Ce fait banal suscite la réémergence d'épisodes aussi brefs qu'éloquents, à la fois compréhensibles individuellement et comme un long enchaînement de plans dévoilant l'intimité la plus élémentaire et la plus crue d'Hana lorsqu'elle partageait l'existence d'Asterios. Autant de flashs convoquant le souvenir de la femme aimée et perdue, de manière sensible.

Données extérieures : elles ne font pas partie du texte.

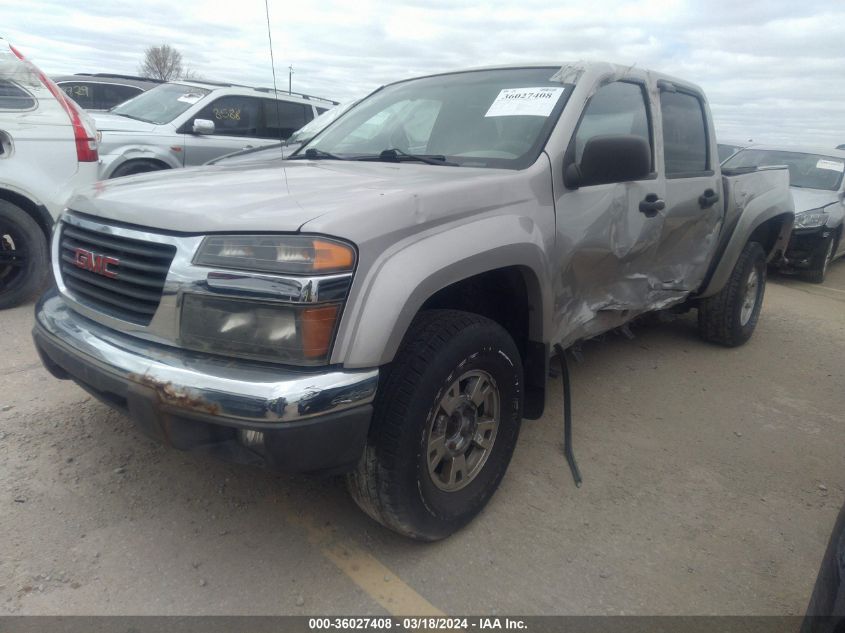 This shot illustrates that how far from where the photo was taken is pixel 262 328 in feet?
6.08

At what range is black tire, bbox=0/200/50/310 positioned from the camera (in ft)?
14.9

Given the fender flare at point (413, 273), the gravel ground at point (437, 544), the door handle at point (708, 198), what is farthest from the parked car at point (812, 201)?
the fender flare at point (413, 273)

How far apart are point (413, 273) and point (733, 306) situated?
352 cm

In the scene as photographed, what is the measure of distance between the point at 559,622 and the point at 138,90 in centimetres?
1366

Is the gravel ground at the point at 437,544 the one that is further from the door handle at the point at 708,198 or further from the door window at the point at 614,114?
the door window at the point at 614,114

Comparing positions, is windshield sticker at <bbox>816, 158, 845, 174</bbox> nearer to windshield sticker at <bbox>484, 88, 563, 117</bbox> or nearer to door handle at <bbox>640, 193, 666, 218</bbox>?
door handle at <bbox>640, 193, 666, 218</bbox>

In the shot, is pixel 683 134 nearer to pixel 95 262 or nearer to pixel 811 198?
Answer: pixel 95 262

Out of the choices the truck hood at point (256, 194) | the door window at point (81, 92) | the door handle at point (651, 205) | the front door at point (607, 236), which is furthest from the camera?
the door window at point (81, 92)

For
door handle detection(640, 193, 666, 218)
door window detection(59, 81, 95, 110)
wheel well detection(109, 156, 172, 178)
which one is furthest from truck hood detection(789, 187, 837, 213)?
door window detection(59, 81, 95, 110)

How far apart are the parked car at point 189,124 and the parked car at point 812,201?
578 centimetres

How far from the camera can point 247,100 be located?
8.04 metres

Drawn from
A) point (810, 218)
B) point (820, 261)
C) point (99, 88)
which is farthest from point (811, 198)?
point (99, 88)

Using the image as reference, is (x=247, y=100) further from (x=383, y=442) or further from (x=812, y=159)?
(x=812, y=159)

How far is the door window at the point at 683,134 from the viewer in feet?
12.0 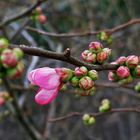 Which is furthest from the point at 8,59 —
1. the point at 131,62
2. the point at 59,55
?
the point at 131,62

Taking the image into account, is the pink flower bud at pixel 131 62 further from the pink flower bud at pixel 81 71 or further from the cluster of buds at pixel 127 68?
the pink flower bud at pixel 81 71

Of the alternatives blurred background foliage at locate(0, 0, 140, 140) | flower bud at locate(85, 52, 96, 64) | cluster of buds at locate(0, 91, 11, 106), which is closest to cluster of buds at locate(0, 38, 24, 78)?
flower bud at locate(85, 52, 96, 64)

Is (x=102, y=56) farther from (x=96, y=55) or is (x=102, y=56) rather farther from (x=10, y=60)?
(x=10, y=60)

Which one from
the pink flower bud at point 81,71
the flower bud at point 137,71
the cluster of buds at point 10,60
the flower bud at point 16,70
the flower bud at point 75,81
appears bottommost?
the flower bud at point 137,71

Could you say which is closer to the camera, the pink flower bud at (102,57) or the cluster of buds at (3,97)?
the pink flower bud at (102,57)

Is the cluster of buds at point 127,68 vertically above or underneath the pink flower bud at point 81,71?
underneath

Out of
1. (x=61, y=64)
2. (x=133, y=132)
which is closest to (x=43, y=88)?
(x=61, y=64)

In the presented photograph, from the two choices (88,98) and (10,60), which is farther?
(88,98)

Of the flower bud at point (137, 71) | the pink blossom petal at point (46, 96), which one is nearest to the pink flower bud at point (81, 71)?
the pink blossom petal at point (46, 96) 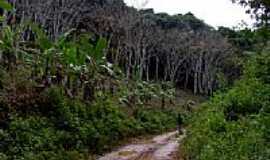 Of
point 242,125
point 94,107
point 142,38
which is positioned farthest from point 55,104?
point 142,38

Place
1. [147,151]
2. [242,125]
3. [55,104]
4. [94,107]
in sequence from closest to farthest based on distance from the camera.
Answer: [242,125]
[55,104]
[147,151]
[94,107]

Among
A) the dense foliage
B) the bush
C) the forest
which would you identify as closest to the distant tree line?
the forest

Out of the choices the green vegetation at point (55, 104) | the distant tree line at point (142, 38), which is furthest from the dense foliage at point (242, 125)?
the distant tree line at point (142, 38)

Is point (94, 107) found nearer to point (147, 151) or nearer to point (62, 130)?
point (147, 151)

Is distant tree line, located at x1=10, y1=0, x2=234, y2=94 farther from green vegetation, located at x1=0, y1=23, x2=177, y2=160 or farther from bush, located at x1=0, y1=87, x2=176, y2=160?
bush, located at x1=0, y1=87, x2=176, y2=160

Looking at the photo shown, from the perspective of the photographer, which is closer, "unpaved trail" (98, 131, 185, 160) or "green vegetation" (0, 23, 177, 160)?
"green vegetation" (0, 23, 177, 160)

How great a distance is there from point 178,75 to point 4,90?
3387cm

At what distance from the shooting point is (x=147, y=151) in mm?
15898

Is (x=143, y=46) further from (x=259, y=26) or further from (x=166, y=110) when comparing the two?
(x=259, y=26)

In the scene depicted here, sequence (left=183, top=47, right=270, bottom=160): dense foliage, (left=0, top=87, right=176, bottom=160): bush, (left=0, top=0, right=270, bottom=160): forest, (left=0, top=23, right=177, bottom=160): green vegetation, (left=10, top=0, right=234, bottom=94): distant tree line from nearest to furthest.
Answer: (left=183, top=47, right=270, bottom=160): dense foliage
(left=0, top=0, right=270, bottom=160): forest
(left=0, top=87, right=176, bottom=160): bush
(left=0, top=23, right=177, bottom=160): green vegetation
(left=10, top=0, right=234, bottom=94): distant tree line

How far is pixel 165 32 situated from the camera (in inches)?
1638

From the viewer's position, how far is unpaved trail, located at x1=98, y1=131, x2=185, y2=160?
1449cm

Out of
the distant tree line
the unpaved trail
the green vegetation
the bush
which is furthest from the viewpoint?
the distant tree line

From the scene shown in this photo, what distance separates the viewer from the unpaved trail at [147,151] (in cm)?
1449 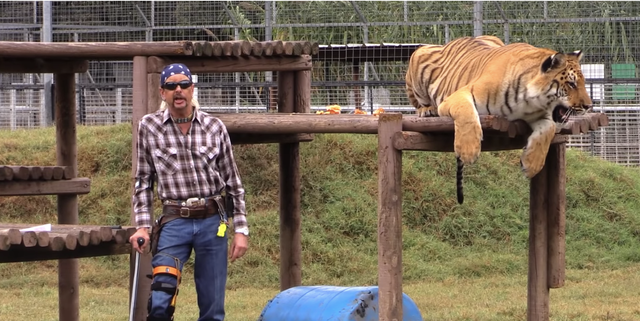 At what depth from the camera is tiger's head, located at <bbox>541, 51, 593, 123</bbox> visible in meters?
5.52

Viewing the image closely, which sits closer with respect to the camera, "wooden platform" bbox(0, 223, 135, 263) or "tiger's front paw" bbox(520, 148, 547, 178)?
"wooden platform" bbox(0, 223, 135, 263)

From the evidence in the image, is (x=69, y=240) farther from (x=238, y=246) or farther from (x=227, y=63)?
(x=227, y=63)

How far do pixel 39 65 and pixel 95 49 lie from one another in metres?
0.97

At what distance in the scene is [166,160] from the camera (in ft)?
17.4

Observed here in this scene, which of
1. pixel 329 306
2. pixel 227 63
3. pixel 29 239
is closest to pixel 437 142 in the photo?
pixel 329 306

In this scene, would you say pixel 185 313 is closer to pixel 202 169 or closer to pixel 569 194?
pixel 202 169

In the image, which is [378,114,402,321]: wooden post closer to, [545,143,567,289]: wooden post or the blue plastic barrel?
the blue plastic barrel

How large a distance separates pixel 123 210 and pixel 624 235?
5743mm

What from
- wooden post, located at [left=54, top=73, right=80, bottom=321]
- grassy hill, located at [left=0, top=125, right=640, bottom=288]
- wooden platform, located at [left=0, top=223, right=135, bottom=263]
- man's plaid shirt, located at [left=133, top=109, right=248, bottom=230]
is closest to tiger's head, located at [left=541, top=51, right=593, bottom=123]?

C'est une scrutation précise et plurielle que nous montre Mazzucchelli et qui révèle une vérité plus ordinaire, triviale d'un couple, et plus précisèment d'une femme. Il monte en parallèle un évènement dérisoire - Hana se coince la boule de coton d'un coton-tige dans l'oreille et Asterios la lui retire avec une pince à épiler - et des instantanés - au sens photographique du terme, des images prises sur le vif dans les situations les plus diverses.



Ainsi voit-on Hana, successivement : se brosser les dents, baver sur son oreiller en dormant, se raser les aisselles, manger, enfiler des chaussures, être aux toilettes, se percer un bouton, être en proie à la fièvre malade au lit, péter, grimper en retard dans une rame du métro, se baigner, vomir, se plaindre d'un geste de la main de la fumée de cigarette d'Asterios (qui descend ou remonte la fermeture-éclair de sa robe), tousser, se moucher, s'épiler (et se couper le mollet) avec un rasoir, nettoyer la litière de Noguchi, se passer du rouge à lèvres, se peigner, se masturber, avoir ses règles, rôter, faire l'amour, boire du vin...

On peut lire ces vignettes dans n'importe quel ordre ou essayer de leur trouver une suite logique, mais cela compte moins que ce qu'elle raconte et nous révèle sur les détails les plus insignifiants et les plus personnels d'Hana. Il s'en dégage un sentiment de voyeurisme et aussi d'analyse presque scientifique d'un sujet comme passé sous la lentille d'un microscope. L'effet est saisissant et prouve une énième fois avec quel maîtrise Mazzucchelli transforme ce qui ressemblerait à un exercice de style en une démonstration narrative virtuose.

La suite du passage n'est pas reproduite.